3. UHPP operating considerations
UHPP is normally closed to GA operations from 0800 to 2000 UTC but may be used during these hours for tech stop purposes when use of the passenger terminal is not needed. To arrange a landing permit for UHPP for aircraft over 45 tons it’s important to confirm that the airport is certified for your particular aircraft type. Certification guarantees that required ground support equipment (GSE) and personnel will be available. If your large aircraft is not specifically certified for operation into UHPP (for example a DC10, MD90 or AN124), you’ll need to obtain a one-time approval from the airport authority and this may mandate carrying a tow bar, tech fluids and a flight mechanic onboard.
Recommended alternates for UNNT include Kemerovo (UNEE), Barnaul (UNBB) and Novokuznetsk (UNWW) at between 150 and 300 km away. Alternates for UHPP include Yuzhno-Sakhalinsk (UHSS) and Magadan (UHMM) at a distance of about 1,000 km. The above are all 24-hour AOEs with the exception of UHSS, which is open 2100-1200 UTC and has a curfew from 0330-0500 UTC, and UHMM with is only open 2300-1100 UTC.

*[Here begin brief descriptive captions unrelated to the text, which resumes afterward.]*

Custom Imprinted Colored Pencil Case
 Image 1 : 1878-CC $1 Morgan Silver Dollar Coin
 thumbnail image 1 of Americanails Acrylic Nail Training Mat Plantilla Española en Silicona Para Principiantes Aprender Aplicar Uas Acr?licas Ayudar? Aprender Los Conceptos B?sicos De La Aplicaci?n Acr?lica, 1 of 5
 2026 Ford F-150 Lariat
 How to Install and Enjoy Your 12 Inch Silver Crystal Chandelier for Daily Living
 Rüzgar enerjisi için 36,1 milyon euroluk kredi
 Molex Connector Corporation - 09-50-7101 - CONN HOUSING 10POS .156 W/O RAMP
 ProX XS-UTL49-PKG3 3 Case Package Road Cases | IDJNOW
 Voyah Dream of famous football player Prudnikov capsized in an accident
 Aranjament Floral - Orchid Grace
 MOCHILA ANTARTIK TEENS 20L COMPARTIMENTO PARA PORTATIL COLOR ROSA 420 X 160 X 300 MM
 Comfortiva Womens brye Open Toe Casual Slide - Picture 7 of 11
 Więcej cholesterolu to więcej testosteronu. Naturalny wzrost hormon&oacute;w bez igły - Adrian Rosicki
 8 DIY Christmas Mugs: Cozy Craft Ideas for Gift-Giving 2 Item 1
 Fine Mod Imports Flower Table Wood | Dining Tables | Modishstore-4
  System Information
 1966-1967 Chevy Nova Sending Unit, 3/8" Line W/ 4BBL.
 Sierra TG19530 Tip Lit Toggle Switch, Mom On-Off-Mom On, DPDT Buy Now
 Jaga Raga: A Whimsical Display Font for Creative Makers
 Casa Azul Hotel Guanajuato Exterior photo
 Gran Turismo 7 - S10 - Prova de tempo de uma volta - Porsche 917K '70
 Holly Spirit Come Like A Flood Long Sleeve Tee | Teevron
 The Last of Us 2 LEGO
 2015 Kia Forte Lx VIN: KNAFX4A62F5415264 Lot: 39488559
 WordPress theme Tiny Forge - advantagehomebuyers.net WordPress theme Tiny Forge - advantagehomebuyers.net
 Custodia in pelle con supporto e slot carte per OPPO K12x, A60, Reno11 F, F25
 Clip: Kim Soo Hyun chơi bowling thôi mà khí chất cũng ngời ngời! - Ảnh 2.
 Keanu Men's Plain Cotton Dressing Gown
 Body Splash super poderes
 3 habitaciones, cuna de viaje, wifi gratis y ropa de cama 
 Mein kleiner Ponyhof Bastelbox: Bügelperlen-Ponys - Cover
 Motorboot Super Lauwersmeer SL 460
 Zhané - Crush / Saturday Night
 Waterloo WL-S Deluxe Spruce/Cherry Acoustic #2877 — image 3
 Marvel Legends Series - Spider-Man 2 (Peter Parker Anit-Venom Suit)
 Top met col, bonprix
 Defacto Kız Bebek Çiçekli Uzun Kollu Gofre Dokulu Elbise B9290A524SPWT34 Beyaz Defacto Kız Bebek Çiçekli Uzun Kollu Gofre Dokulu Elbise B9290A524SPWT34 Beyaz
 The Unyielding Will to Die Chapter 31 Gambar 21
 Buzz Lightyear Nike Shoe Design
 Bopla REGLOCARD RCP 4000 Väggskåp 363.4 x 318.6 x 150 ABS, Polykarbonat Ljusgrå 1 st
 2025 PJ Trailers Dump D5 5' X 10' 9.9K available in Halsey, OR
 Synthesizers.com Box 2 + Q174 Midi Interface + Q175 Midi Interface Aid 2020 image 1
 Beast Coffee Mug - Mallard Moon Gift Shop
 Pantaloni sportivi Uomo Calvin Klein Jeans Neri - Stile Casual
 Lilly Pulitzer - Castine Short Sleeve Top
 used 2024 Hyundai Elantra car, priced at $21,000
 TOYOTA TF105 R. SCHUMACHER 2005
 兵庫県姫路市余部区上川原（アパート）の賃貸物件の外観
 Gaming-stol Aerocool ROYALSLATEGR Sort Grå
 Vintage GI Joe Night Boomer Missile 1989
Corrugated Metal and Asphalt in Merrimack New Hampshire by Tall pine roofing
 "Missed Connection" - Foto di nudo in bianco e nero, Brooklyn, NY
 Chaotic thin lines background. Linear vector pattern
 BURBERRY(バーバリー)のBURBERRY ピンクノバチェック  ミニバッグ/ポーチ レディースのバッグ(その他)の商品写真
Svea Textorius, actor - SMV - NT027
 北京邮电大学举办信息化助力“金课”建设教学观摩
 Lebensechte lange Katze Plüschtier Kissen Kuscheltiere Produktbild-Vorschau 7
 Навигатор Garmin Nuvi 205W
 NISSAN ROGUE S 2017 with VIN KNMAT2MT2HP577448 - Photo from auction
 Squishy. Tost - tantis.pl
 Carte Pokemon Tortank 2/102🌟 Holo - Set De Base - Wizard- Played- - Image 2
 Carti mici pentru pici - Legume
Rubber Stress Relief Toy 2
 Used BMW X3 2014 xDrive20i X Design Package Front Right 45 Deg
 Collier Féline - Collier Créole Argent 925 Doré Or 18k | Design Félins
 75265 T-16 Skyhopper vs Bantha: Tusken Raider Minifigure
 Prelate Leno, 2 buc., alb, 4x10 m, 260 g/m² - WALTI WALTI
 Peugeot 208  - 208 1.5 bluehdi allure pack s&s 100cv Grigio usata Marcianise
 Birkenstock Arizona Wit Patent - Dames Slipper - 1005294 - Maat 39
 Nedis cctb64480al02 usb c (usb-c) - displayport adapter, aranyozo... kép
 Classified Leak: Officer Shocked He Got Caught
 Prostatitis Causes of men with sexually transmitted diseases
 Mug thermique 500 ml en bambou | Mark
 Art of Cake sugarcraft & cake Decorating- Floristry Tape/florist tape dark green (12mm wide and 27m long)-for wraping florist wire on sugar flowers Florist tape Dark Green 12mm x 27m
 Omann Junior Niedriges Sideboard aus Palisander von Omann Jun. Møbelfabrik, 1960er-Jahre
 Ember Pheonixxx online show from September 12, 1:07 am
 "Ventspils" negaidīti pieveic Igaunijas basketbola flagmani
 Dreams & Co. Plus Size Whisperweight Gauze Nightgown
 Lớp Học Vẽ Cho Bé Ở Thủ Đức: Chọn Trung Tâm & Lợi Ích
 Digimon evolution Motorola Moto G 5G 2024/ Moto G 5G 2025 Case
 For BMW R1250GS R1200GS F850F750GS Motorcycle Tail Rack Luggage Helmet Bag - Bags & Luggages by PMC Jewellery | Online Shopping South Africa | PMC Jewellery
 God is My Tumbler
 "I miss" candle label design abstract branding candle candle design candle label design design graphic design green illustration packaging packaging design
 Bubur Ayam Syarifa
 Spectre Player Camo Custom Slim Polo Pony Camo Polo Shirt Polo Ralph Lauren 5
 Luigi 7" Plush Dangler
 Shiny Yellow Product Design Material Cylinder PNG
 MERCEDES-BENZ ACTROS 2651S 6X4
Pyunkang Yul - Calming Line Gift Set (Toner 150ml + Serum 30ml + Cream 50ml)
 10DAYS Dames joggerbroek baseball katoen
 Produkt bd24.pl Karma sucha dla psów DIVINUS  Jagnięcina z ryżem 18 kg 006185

5. Cold weather operations
At northern locations such as UHPP and UNNT winter conditions can be extremely cold and last for up to nine months of the year. Best practice during winter is to dress warmly, drain water and lav systems, remove liquids, request a heating unit for preflight and remove batteries for longer stops. De-icing services are readily available and generally not an issue at major Russian airports during winter months.
6. Hotels and local transport
Adequate crew accommodations are available for stopovers at larger cities in Russia butroom availability may sell out during large local event periods. At larger Russian cities we often recommend staying at hotels close to the airport rather than hotels in the city center. This is because of significant traffic congestion delays in the cities. We suggest confirming crew accommodations well in advance of travel. For local area travel pre-paid transport (car with driver) is preferred. However, be aware that English speaking drivers are a rare commodity in Russia, even in the larger cities.
7. Ground service considerations
Operators should avoid sending multiple requests to different ground handlers for the same services — particularly for fuel uplifts and in-flight catering. If you decide to place an order with a different handling company it’s important to cancel any outstanding requests with different providers. In terms of fuel uplifts be aware that only TS1 fuel is available — this is similar to Jet A — and Avgas is not supplied at most locations.
8. Flight planning considerations
Alternate and equal time point (ETP) planning is a particularly important consideration when operating to and through Russia’s Siberian and northeast regions. It’s recommended that you speak to your 3rd-party provider on any routing concerns
While both UHPP and UNNT are well used tech stops there are particular cautions and issues to consider during winter months. Also, be aware of airport requirements for each airport including alternates, especially during the winter.